Open Art

Open Art in München

Am 9. September 2011 eröffneten 68 Münchener Galerien die kommende Kunstsaison unter dem Motto „Kunst voll“. Die Aktion „Open Art“ sollte Begeisterung für Kunst wecken und einen leichten Einstieg in die Welt der Malerei, Fotografie, Skulpturen und Installationen gerade für junge Menschen ermöglichen. Mit kostenlosen Shuttle-Taxis für alle Besucher und fachkundigen Führungen vor Ort sollte das auch gut gelungen sein.

Zu sehen waren vor allem Einzelausstellungen von bekannteren Künstlern, die ihre jüngsten Werke präsentierten – dabei dominierte eindeutig die Malerei.
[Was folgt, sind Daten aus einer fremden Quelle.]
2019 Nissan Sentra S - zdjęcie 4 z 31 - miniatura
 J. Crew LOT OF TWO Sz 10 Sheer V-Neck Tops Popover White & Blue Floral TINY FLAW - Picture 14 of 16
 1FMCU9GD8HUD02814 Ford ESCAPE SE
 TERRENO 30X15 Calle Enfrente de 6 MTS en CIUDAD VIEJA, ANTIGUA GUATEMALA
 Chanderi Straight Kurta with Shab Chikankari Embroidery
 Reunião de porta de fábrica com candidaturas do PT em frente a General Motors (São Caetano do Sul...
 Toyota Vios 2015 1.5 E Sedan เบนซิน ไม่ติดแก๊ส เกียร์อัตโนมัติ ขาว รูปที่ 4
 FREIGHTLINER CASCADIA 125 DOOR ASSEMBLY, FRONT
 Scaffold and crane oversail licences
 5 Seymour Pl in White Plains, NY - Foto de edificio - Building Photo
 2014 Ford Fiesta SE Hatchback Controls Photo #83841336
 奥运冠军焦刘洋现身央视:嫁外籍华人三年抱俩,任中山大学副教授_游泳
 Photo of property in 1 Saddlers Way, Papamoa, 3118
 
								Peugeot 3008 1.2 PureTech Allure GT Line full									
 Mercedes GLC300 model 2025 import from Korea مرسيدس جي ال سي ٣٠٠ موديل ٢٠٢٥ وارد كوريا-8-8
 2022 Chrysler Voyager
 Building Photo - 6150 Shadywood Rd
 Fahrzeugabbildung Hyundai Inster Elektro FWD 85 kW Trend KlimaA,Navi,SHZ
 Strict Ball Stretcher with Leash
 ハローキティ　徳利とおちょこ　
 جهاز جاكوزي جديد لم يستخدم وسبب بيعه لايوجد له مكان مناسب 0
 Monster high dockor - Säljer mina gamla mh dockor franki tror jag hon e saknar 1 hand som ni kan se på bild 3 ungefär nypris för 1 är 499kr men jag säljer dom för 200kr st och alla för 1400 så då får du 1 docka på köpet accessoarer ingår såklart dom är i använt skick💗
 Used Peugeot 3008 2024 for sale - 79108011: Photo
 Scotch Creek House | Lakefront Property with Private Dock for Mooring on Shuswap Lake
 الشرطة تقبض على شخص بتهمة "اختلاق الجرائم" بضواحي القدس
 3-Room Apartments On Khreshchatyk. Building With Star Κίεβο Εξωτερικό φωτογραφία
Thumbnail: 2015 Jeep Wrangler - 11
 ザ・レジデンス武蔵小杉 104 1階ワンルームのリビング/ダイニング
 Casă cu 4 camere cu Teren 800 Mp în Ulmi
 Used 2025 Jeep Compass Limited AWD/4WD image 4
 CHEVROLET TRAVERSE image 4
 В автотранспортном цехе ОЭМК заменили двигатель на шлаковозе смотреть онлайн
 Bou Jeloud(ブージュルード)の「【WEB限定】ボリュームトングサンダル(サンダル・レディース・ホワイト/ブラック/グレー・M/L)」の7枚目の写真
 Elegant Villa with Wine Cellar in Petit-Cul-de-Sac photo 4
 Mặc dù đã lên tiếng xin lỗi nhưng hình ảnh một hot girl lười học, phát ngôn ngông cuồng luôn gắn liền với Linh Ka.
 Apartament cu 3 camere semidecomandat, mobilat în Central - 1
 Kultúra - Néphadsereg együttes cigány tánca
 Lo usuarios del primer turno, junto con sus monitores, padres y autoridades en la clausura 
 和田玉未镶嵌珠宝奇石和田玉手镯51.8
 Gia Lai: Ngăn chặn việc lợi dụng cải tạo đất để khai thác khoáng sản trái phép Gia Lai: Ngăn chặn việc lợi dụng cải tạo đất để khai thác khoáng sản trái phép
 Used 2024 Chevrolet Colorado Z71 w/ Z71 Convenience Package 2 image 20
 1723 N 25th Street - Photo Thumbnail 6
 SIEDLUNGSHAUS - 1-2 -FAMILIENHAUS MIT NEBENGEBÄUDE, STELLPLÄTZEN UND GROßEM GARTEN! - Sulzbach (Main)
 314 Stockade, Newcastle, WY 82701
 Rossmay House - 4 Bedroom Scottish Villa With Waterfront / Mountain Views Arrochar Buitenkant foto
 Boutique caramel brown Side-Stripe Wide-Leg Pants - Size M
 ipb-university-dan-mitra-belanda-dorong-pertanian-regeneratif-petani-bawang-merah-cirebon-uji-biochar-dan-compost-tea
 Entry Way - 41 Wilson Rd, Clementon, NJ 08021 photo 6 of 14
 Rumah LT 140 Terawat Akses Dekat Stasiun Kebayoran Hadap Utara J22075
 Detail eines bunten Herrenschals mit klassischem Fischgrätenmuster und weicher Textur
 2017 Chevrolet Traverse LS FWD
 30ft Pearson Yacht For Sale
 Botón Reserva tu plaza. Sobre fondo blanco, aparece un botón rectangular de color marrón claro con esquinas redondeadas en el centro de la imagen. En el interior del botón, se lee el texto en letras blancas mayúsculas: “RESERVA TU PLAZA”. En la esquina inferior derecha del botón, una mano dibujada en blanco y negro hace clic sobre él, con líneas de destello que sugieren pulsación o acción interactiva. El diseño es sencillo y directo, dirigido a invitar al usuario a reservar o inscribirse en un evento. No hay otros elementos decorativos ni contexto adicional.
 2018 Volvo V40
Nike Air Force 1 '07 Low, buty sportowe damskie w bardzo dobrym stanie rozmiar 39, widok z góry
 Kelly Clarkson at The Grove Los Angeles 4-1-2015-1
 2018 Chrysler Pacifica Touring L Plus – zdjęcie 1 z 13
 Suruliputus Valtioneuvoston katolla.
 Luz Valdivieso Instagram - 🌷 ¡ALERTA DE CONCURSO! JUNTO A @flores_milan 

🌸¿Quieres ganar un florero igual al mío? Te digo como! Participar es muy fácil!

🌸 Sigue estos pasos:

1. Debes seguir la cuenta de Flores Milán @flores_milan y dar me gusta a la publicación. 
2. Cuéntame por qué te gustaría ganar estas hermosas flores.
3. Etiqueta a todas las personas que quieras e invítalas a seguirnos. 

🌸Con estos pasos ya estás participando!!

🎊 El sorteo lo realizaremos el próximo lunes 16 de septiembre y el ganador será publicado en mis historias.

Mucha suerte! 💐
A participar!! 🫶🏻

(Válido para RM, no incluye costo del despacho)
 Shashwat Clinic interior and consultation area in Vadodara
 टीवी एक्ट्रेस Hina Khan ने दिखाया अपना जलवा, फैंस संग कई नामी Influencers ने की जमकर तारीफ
Etwa die poppigen, farbenfrohen Bilder des Amerikaners Peter Halley bei Thomas Modern, die surrealen Landschaften des Chinesen Ji Dachun bei Barbara Gross, die feinen Camouflage-Bilder des Türken Ekrem Yalcindag bei Karl Pfefferle, aus Epoxidharz gegossene Werke von Peter Zimmermann bei Max Weber/ Six Friedich, abstrakte Bilder von Christina Chirulescu bei Tanja Pol und konzeptuelle Notizzettel-Kritzeleien vom Wiener Stefan Sander bei Andreas Grimm.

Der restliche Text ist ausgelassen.